> _PROVIDED ENTRIES_

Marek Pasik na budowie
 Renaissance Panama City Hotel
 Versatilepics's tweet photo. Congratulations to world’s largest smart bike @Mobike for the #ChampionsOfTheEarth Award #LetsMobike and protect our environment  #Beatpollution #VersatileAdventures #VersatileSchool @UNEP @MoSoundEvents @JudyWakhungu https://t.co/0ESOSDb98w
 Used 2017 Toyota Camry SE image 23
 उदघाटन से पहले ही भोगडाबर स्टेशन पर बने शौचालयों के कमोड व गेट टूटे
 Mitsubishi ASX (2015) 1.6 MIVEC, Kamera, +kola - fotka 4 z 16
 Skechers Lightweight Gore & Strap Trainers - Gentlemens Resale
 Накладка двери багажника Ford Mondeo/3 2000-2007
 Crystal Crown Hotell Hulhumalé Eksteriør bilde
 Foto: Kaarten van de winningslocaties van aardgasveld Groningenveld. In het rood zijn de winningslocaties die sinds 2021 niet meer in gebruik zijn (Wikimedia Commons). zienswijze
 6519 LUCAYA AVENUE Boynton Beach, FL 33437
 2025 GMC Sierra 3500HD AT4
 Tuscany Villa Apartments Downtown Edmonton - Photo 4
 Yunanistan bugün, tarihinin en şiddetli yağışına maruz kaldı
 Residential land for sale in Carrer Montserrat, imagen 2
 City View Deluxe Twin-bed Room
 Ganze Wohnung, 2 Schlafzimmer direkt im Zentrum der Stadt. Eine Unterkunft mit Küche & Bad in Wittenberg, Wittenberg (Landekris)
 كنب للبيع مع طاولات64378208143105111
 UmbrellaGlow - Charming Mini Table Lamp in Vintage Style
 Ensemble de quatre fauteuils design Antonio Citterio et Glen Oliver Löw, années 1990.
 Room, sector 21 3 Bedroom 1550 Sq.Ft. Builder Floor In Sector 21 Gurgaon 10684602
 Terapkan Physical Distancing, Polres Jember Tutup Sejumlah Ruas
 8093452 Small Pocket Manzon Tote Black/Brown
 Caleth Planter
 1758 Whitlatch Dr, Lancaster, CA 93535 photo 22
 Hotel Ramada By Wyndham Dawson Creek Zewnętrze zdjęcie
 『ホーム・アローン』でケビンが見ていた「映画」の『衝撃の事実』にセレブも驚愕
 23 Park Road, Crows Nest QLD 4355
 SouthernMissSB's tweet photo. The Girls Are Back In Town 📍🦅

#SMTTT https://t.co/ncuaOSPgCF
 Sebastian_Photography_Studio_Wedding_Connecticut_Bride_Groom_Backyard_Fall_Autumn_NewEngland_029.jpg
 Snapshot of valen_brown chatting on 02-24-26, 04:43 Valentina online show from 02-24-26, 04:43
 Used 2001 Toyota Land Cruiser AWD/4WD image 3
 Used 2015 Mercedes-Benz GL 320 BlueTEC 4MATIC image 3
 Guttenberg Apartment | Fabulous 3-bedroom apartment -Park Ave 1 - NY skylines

> _WORK INSTRUCTIONS_
Say how many lines in the entries include the word "Used", with no text around the number.

> _SOLUTION TO THE PROBLEM_
3